My goal for this weekend was to finish a race, even if we couldn’t impress anyone with our pace. Well, consider that goal met.
My three-man pit crew of Dan, Jon, and my son John wasn’t able to get the car ready in time for the warm-up, and we didn’t complete a full lap in qualifying, meaning that we started at the back of our six-car field. At the green flag, I fell back immediately as the engine cut out repeatedly around 5000rpm, causing me to yield to a bunch of 944 Spec racers as well as the fastest of the Spec Miatas. After discerning that I was running in last place, my son refused to speak to me on the radio.
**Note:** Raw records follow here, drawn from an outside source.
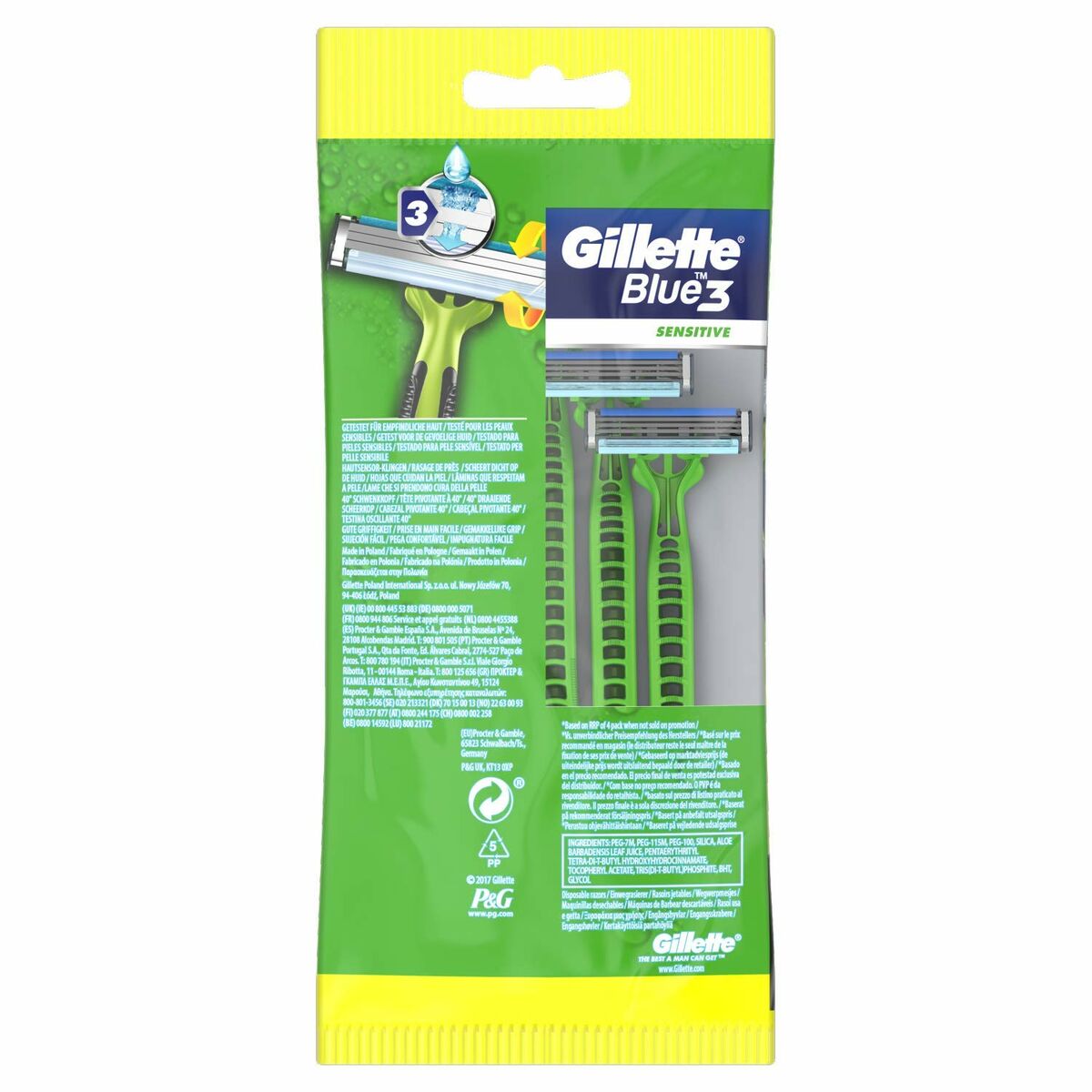 Barberskrabere Gillette Blue Sensitive 5 Units for Men produktemballage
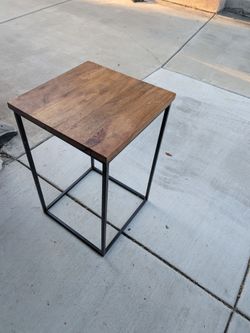 Industrial Wood and Metal Side Table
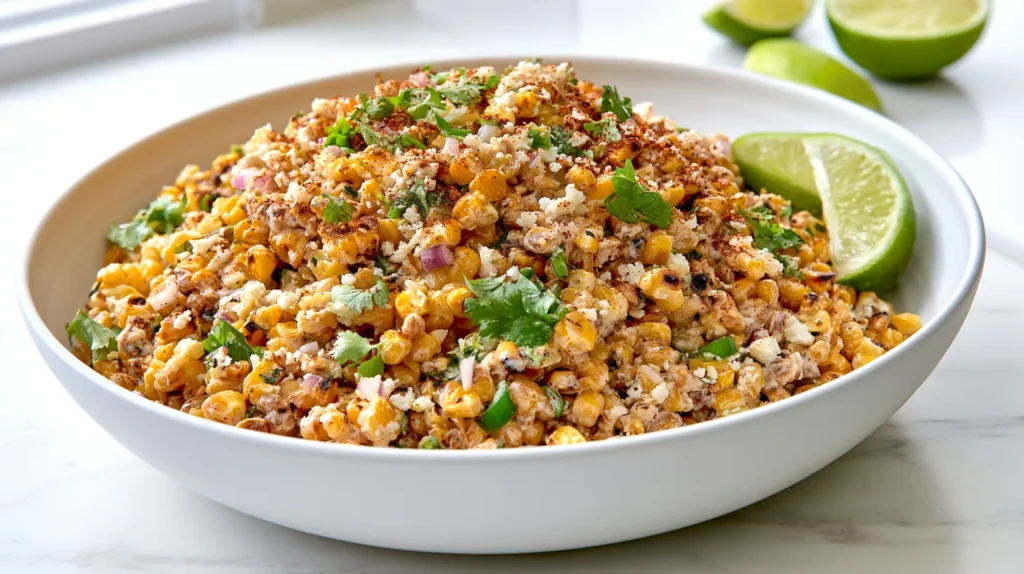 overhead view of Mexican street corn salad in a wide white ceramic bowl on a white marble countertop, charred corn kernels with creamy dressing, cotija cheese crumbles, chopped cilantro, red onion, jalapeño, chili powder, lime wedges arranged nearby, simple clean styling, bright natural light, realistic food photography, fresh vibrant colors, minimal props, no utensils blocking the salad, no people, no text, no watermark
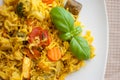 Basmati rice with vegetables and chicken Royalty Free Stock Photo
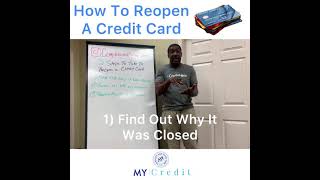 How To ReOpen A Closed Credit Card creditrepair creditrepair [upl. by Ketchum]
After knocking some of the accumulated crust off my Toyo 888 tires (date-stamped 2007), I managed to catch up to a red and white 944 and make a pass. “Congratulations, Daddy!” John told me. After fourteen laps, they threw the checker. We finished 5th of 6 in class, and 45th of 60 overall. I don’t think I’ve ever finished a NASA race that far behind the leaders. Still, it’s a finish. My fast lap of 1:48.6 was a full five seconds behind the best lap posted by the winning car. However, the data shows that our new engine is stronger than the old one up to 5000rpm. Problem is, I need 7000rpm to win something.
The team’s working right now to track down the cause of the cutting out. I’m going to get some rest and try to find some time in my cornering data. Tomorrow is another day — but having a race in the books after six years is worth celebrating.